An exact transcription is needed of the lines below from the one with "Plaid Collared Neck" through the one with "CaseCompany Avo Good", with no other lines and no pictures.

#### Input data:
=== Section Start ===
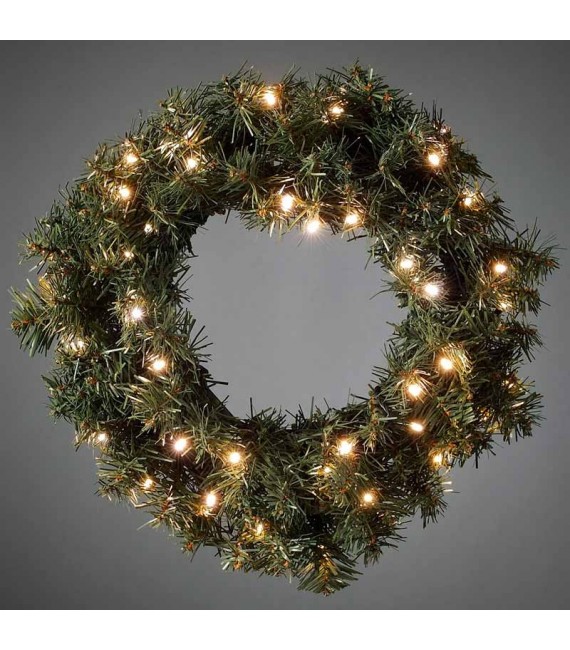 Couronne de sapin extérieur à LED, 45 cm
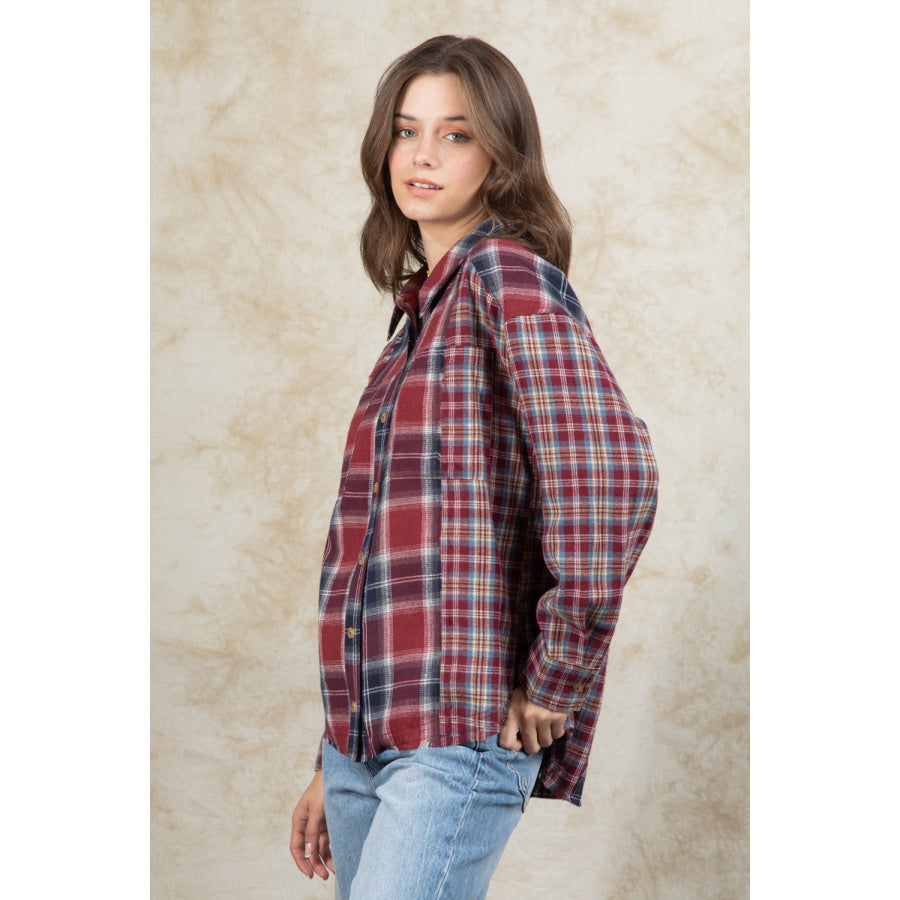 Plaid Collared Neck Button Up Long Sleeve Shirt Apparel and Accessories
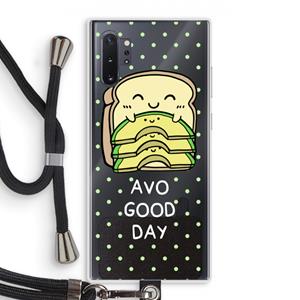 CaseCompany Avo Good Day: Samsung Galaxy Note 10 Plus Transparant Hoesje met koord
=== Section End ===
=== Section Start ===
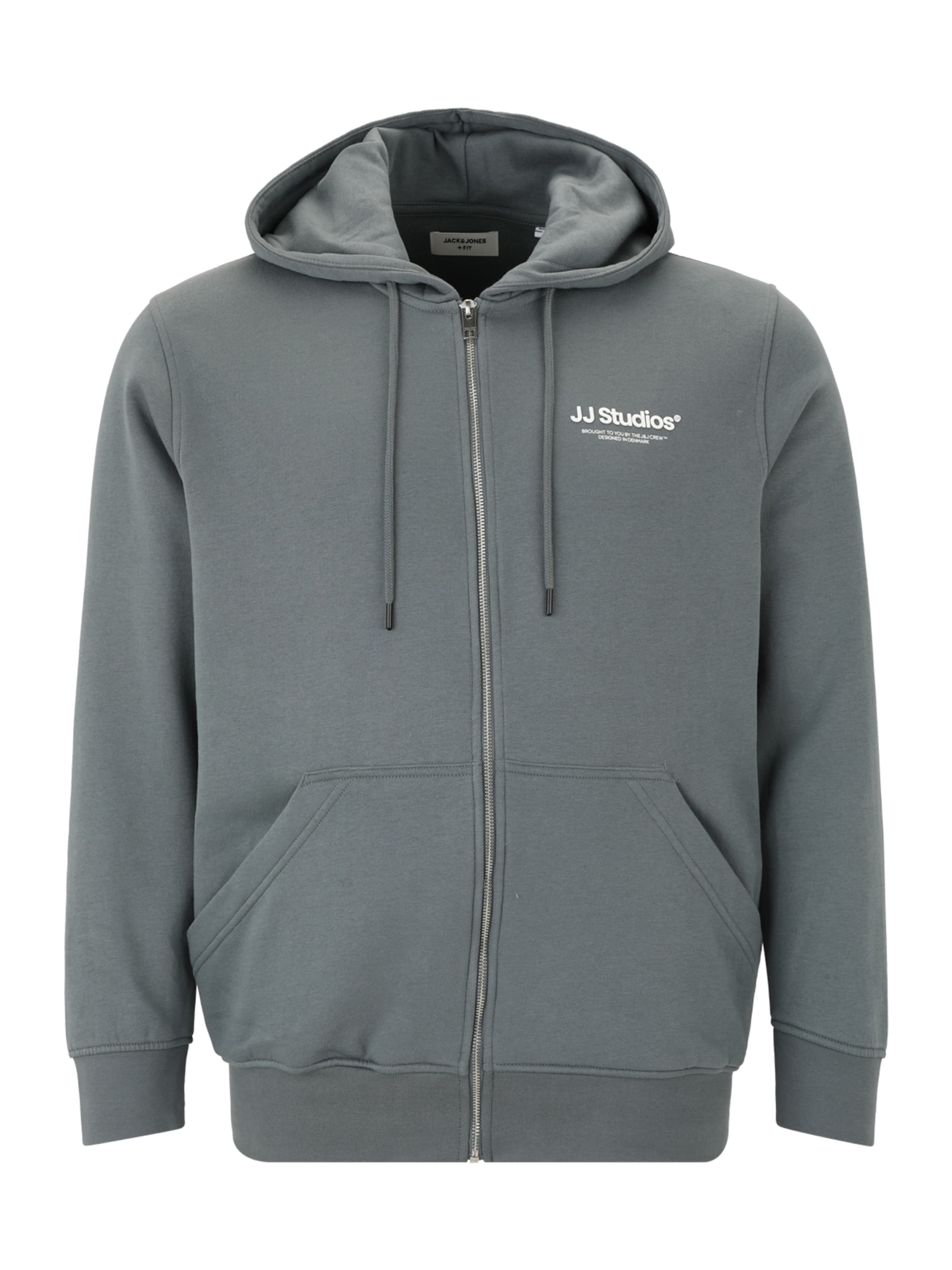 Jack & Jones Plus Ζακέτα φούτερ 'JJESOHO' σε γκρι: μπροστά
=== Section End ===
#### Exercise response:
 Plaid Collared Neck Button Up Long Sleeve Shirt Apparel and Accessories
 CaseCompany Avo Good Day: Samsung Galaxy Note 10 Plus Transparant Hoesje met koord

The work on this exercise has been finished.